On July 7, 1813, a petition on behalf of Peter A. Jay and Benjamin B. Blydenburgh was presented to the House, contesting the election of Ebenezer Sage and John Lefferts in the 1st D. On July 13, the Committee on Elections postponed this case also to the next session, but no further action was taken.

Egbert Benson resigned his seat on August 2, 1813, at the end of the first session of the 13th Congress. A special election to fill the vacancy was held in the 2nd District from December 28 to 30, and was won by William Irving, of the opposing party. Irving took his seat on January 22, 1814.

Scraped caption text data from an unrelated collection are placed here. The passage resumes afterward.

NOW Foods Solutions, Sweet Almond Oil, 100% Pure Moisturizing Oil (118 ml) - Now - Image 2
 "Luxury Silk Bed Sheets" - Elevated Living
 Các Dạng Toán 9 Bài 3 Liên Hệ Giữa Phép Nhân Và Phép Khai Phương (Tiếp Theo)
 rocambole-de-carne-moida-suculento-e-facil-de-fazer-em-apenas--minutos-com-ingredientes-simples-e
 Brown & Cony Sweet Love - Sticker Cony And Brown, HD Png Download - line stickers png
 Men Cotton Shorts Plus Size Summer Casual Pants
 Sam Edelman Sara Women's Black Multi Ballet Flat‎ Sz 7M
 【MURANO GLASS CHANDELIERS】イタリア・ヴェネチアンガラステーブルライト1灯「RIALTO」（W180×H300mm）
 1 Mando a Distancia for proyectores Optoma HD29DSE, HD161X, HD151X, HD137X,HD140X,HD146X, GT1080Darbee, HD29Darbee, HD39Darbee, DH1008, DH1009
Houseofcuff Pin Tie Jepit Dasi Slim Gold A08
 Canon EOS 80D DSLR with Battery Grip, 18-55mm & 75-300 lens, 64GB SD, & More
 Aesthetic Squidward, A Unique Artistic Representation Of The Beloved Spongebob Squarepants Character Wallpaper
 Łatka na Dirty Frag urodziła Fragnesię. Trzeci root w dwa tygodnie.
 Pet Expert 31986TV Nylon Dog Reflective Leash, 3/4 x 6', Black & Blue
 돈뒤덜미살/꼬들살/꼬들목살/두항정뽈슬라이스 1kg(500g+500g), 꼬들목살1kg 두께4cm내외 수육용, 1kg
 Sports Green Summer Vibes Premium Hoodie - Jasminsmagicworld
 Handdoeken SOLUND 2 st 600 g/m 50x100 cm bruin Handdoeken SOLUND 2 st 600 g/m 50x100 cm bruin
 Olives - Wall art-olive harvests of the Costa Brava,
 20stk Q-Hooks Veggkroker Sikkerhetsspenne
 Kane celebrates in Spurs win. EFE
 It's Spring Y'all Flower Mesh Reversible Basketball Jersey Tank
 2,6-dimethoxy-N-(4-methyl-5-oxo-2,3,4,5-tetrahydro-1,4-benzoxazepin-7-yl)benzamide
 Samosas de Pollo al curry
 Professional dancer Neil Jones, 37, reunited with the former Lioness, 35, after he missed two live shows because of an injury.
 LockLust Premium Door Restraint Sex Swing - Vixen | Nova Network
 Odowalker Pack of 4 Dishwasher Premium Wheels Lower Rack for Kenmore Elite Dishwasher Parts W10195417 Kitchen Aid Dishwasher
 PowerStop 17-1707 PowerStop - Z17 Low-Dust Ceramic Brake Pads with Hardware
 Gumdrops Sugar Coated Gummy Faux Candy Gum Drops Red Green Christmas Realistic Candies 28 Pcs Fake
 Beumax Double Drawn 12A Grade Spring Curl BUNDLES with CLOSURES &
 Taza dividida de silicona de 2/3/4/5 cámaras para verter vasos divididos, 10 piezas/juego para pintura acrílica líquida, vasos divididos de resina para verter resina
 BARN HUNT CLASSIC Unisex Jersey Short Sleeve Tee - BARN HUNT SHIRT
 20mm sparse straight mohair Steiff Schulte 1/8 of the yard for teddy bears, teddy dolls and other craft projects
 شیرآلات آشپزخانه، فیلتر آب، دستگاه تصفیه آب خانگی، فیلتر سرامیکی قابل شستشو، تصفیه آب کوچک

1813 United States House special election result
| District | Democratic-Republican |  | Federalist |  |
|---|---|---|---|---|
| 2nd | William Irving | 3,895 | Peter A. Jay | 3,518 |

The second session of the 13th Congress began on December 6, 1813, and on December 13, Fisk asked the committee to submit its final report. On December 20, the Committee reported that in the towns of Exeter, Milford and Westford 322 votes were in fact given for "Isaac Williams, Jr.", but had been returned for "Isaac Williams" by the election inspectors "by mistake." The House declared unanimously Williams, Jr., entitled to the seat instead of Bowers. Williams, Jr., took his seat on January 24, 1814.